Pourquoi le choix du site de la Pointe Vénus ?
C’est un site accessible à tout le monde même aux handicapés. Les handicapés peuvent circuler à la Pointe Vénus, accéder aux toilettes et nous avons décidé de joindre l’utile à l’agréable en mettant en place des activités aquatiques, la pratique du jet-ski, du va’a, du beach soccer et il y aura des enfants ainsi que des adultes handicapés. Le site s’y prête vraiment et en plus, on a tout ce qu’il faut. La mairie de Mahina est très accueillante et il y aura même des agents communaux qui viendront animer le stand de tressage et le stand de joueur de ukulele.

Quels seront les temps forts de ces journées du handicap ?
Il y a beaucoup de temps forts. Nous avons programmé un concert surprise et actuellement on cherche des chanteurs et chanteuses. Je lance un appel à toutes les personnes qui souhaitent chanter en public, de venir proposer leur chanson à la Pointe Vénus dans le cadre de la journée mondiale des personnes handicapées. (Lire le programme dans l’encadré).

Combien d’associations se sont regroupées dans la Fédération Te Niu o Te Huma ?
On doit être dans les 24 associations, il y a une dernière qui vient d’adhérer.

Combien de licenciés dans le handisport ?
Pour le handisport, on est dans les 1 000 licenciés, tous sports confondus et en regroupant toutes les structures. Le handisport est porteur du projet sur le para va’a.

Combien y a-t-il de personnes handicapées en Polynésie ?
Il y a 9 200 handicapés reconnus par l’administration c’est-à-dire que ces personnes-là ont obtenu leur carte Cotorep mais on doit être dans les 10 000 handicapés car il y a des familles qui ne souhaitent pas déclarer quelqu’un qui est handicapé vivant chez elles.

Est-ce que les handicapés des îles viendront aussi à Mahina ?
Il y aura Moorea avec une cinquantaine de personnes et enfin Bora-Bora et ses onze participants. La délégation de Moorea dormira au centre Huma Mero à Arue alors que ceux de Bora Bora iront à la Fraternité chrétienne. Nous avons également une classe du lycée professionnel de Mahina qui viendra animer un stand consacré au maquillage. On a organisé tout ça comme un village.

Combien de personnes avez-vous accueilli l’an dernier ?
Dans les 2 000 personnes et on espère faire mieux cette année.
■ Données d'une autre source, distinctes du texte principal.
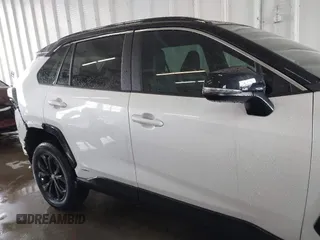 2024 Toyota RAV4 Hybrid XSE with VIN 4T3E6RFV9RU169387, listed as a IAAI auction lot 41566024 with 1,701 mi miles. Bid and sale history available at carsss.com. Image 13.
Ces trois journées s’adressent à quel public ?
à tout le monde, pas uniquement aux personnes handicapées et à leur famille et parents. C’est aussi pour les valides et c’est toujours bon de faire connaissance avec les autres, les nouveaux venus. Il faut que l’on arrive à changer le regard des autres vis-à-vis des handicapés. Ces regards venant des personnes valides.

Ce sera de très belles journées de rencontres en perspective ?
Oui ces journées permettront de prendre le temp de nous rencontrer, tellement tous les jours on est en train de bosser dans nos dossiers. ça permet aussi de faire des échanges, de voir les différents types de handicapés, de se réunir en un même lieu et en plus ce n’est qu’une seule fois par an.

L’événement sera reconduit en 2017 ?
Oui, mais dès l’année prochaine, on fera notre propre journée polynésienne du handicap et on ne va pas suivre le calendrier international. Pour 2017, ce sera en septembre et sur une semaine, avec le soutien du gouvernement du Pays. On a décidé de décaler cela pour le mois de septembre car on a remarqué que les gens confondent avec le Téléthon, qui se déroule toujours en décembre et pratiquement à la même date.